Each pretrained model in this repo take us approximately two days on 8 V100 GPUs to train.

1.3 Train new MSS models from scratch

1.3.1 How to train

For the training data:

  • If you havn't download musdb18hq, we will automatically download the dataset for you by running the following command.
  • If you have already download musdb18hq, you can put musdb18hq.zip or musdb18hq folder into the data folder and run init.sh to prepare this dataset.
source init.sh

Finally run either of these two commands to start training.

# For track 'vocals', we use a 4 subbands resunet to perform separation. 
# The input of model is mixture and its output is vocals waveform.
# Note: Batchsize is set to 16 by default. Check your hard ware configurations to avoid GPU OOM.
source models/resunet_conv8_vocals/run.sh

# For track 'other', we also use a 4 subbands resunet to perform separation.
# But for this track, we did a little modification.
# The input of model is mixture, and its output are bass, other and drums waveforms. (bass and drums are only used during training) 
# We calculate the losses for "bass","other", and "drums" these three sources together.
# Result shows that joint training is beneficial for 'other' track.
# Note: Batchsize is set to 16 by default. Check your hard ware configurations to avoid GPU OOM.
source models/resunet_joint_training_other/run.sh
  • By default, we use batchsize 8 and 8 gpus for vocal and batchsize 16 and 8 gpus for other. You can custom your own by modifying parameters in the above run.sh files.
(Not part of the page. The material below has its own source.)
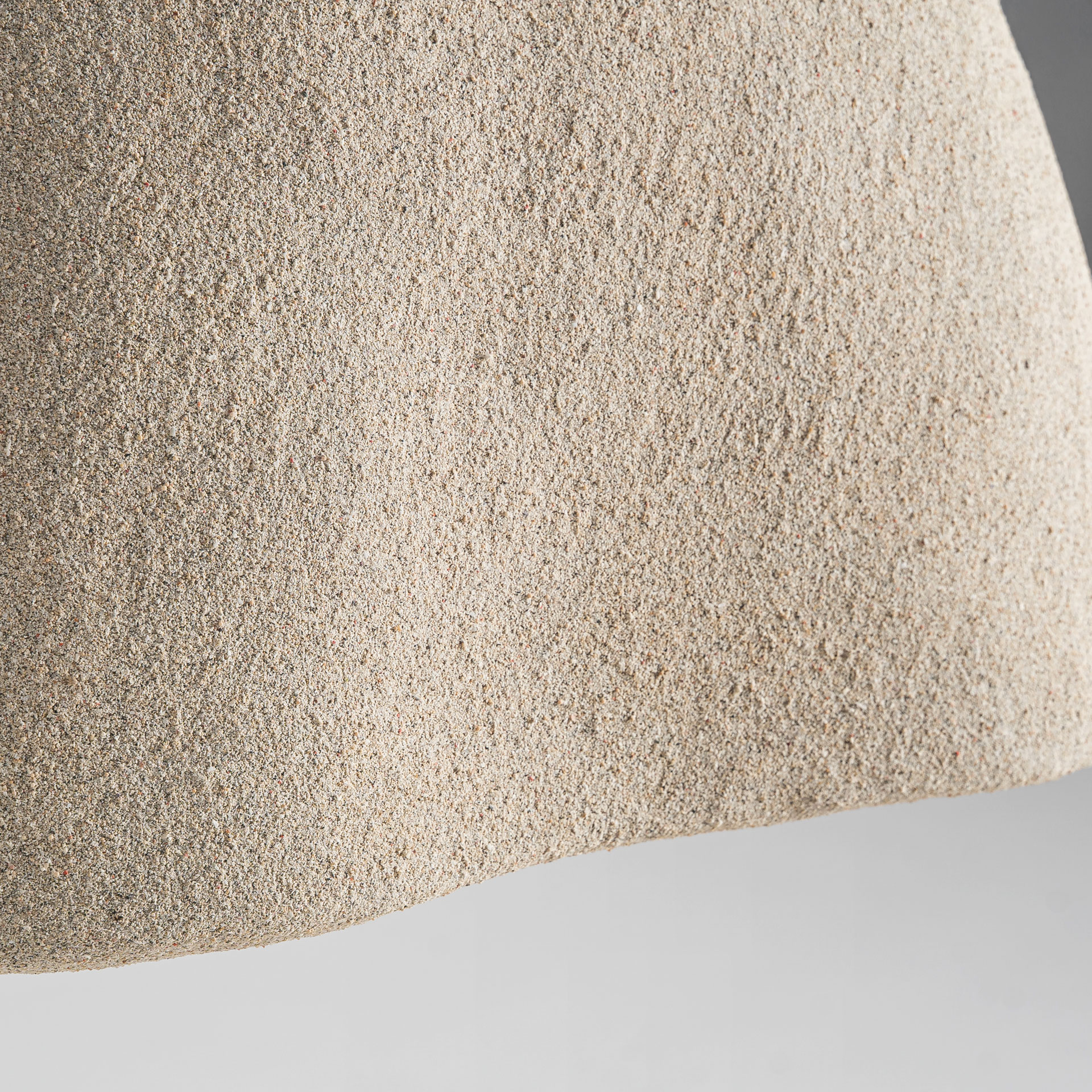 lampara-de-colgar-liessel-2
  • Training logs will be presented in the mss_challenge_log folder. System will perform validations every two epoches.

Here we provide the result of a test run: 'source models/resunet_conv8_vocals/run.sh'.

ranking

1.3.2 Use the model you trained

To use the the vocals and the other model you trained by your own. You need to modify the following two variables in the predictor.py to the path of your models.

41 ...
42  v_model_path = <path-to-your-vocals-model>
43  o_model_path = <path-to-your-other-model>
44 ...

1.4 Model Evaluation

Since the evaluation process is slow, we separate the evaluation process out as a single task. It's conducted on the validation results generated during training.

Steps:

  1. Locate the path of the validation result. After training, you will get a validation folder inside your loging directory (mss_challenge_log by default).

  2. Determine which kind of source you wanna evaluate (bass, vocals, others or drums). Make sure its results present in the validation folder.
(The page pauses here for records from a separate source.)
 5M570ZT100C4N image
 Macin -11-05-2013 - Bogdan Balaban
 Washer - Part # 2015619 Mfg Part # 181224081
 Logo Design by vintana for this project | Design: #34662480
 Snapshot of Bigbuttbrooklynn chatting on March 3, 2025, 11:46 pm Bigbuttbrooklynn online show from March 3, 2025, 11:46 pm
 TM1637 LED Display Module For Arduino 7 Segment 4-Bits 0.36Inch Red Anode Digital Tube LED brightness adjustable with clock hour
  3. Run eval.sh with two arguments: the source type and the validation results folder (automatic generated after training in the logging folder).

For example:

# source eval.sh <source-type> <your-validation-results-folder-after-training> 

# evaluate vocal score
source eval.sh vocals mss_challenge_log/2021-08-11-subband_four_resunet_for_vocals-vocals/version_0/validations
# evaluate bass score
source eval.sh bass mss_challenge_log/2021-08-11-subband_four_resunet_for_vocals-vocals/version_0/validations
# evaluate drums score
source eval.sh drums mss_challenge_log/2021-08-11-subband_four_resunet_for_vocals-vocals/version_0/validations
# evaluate other score
source eval.sh other mss_challenge_log/2021-08-11-subband_four_resunet_for_vocals-vocals/version_0/validations

The system will save the overall score and the score for each song in the result folder.

For faster evalution, you can adjust the parameter MAX_THREAD insides the evaluator/eval.py to determine how many threads you gonna use. It's value should fit your computer resources. You can start with MAX_THREAD=3 and then try 6, 10 or 16.

2. Usage (For customizing sound source)

This feature allows you to separate an arbitrary sound source as long as you got enough training data.

This colab demonstrates the following procedure.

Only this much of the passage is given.